The intake system was also examined for areas where it could be improved, and the molded plastic component that splits the air to each cylinder bank was replaced by a hand-made alloy unit designed to channel airflow more effectively.
On the other side of the engine, special MKB headers extract the spent gases more quickly and direct them to two new KKK turbochargers built to MKB spec to flow about 35 percent more than the stock turbos. The new intercoolers have almost exactly 100 percent more cooling capacity than the stock ones, but still fit under the molded engine cover on top of the big 6.0-litre V12. Thanks to these massive intercoolers, MKB can safely ramp up the boost pressure to 1.5 bar, with 1.6 bar available on overboost.
The fact that intake temperatures were measured at just 56 degrees C, when the car was flying around Papenburg at over 215 mph is a testament to the effectiveness of the intercoolers. Out the turbos, the exhaust gases pass through 200-cell metal catalytic converters, and then exit through MKB's bespoke stainless steel exhaust system.
While MKB claims 1,015 hp and 959 lb-ft, this is actually wound down from the 1,048 hp and 1,180 lb-ft seen on the engine dyno. The peak torque in particular would simply blow the gearbox and rear axle to pieces. As it stands, the gearbox has many of its internal components beefed up and a larger oil cooler fitted to replace the factory unit. The rear axle also benefits from a pair of oil coolers. Finally, the ECU is extensively remapped to supply appropriate fuelling and spark to keep this monster motor happy.

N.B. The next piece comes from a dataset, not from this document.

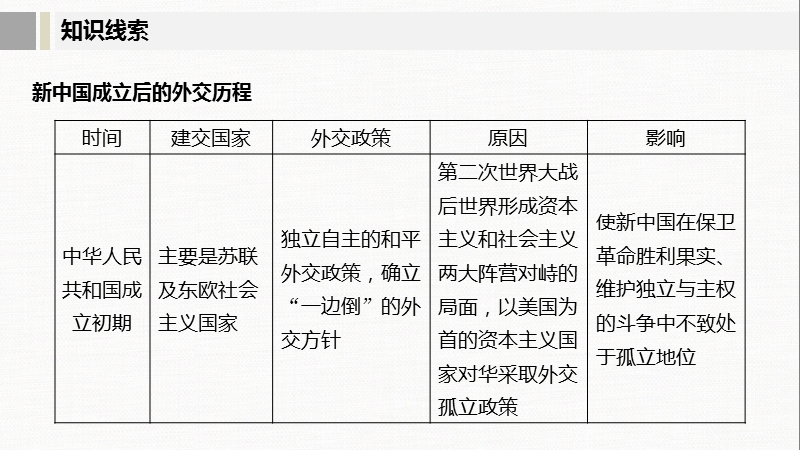 第四单元 现代中国的对外关系 单元总结ppt课件_第2页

It took the MKB engineers a year to reach this high. The new SuperFlow dyno they acquired during the project certainly helped, but it was a long and arduous process to ensure that everything was right with this €86,000 motor. Even now, with all that experience behind them, it still takes three months to build an engine like this to perfection.
From behind the wheel, there is absolutely nothing to give away the fact that this car is not a normal SL65 AMG Black Series. In normal driving, the car is as docile as you'd expect, and you can just leave it auto and drive around like you would in any SL.

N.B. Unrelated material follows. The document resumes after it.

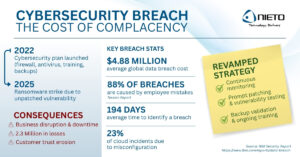 Nieto Technology Data Breach Cyber Attack Infographic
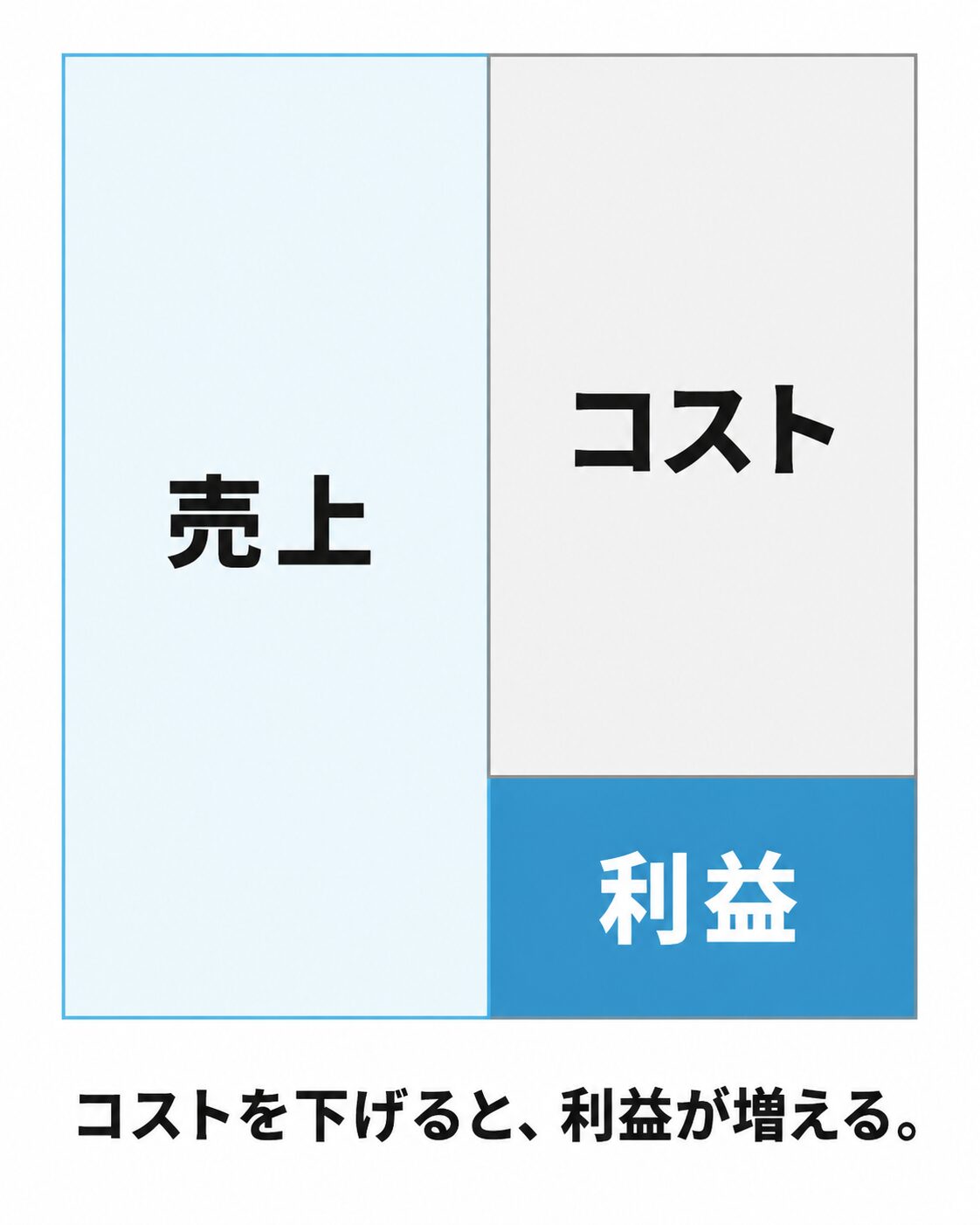 一張說明「從營業額中扣除成本後的餘額即為利潤」的圖表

Find an open stretch of road, or better still an airfield runway however, and witness firsthand this car's transformation from sophisticated hot rod to wingless jet fighter. Because the power delivery is so progressive and consistent, the P1000's ability to warp time and space is not as obvious or spectacular as one whose turbos come on song suddenly after a lull. Instead, the thrust is of the kind that epitomizes the mailed fist in a velvet glove.
The other thing to bear in mind is that for all its carbon and other lightweight bits, the 4,100-pound SL65 Black Series is a lot of weight to push around. In addition, this car does not have the all-wheel-drive advantage of the similarly heavy Veyron to help it leave the line cleanly, deploying all its power effectively on any road surface.

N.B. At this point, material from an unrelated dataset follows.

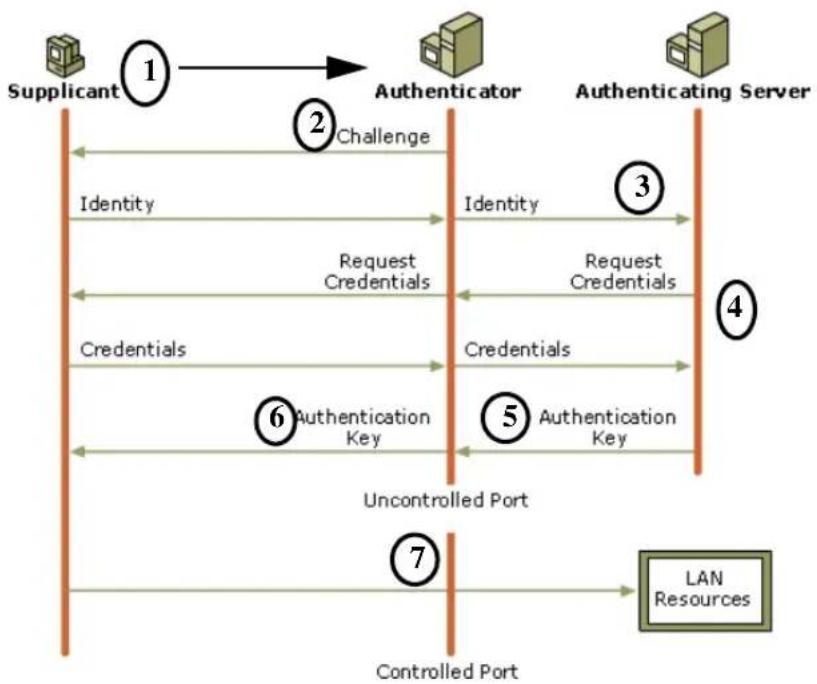 NETGEAR WGM511 - What are the Key Features of WPA Security? - 2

Thus, you can feel that some of that massive grunt is being lost when conditions are not quite right, and the traction control light flashes insanely, threatening to burn itself out. And when you demand power on the fly, you can feel the monster motor take a deep breath to fill its huge lungs before spitting you down the road like an F-16 on afterburner.
If it is instant response you're after, then the P1000 will never match a much lighter machine with a large-capacity, naturally aspirated engine. But while such a car would respond more instantly, once the bi-turbo motor spools up, it delivers hits at a level that no normally aspirated motor can hope to match, and keeps on going with the momentum of a runaway train.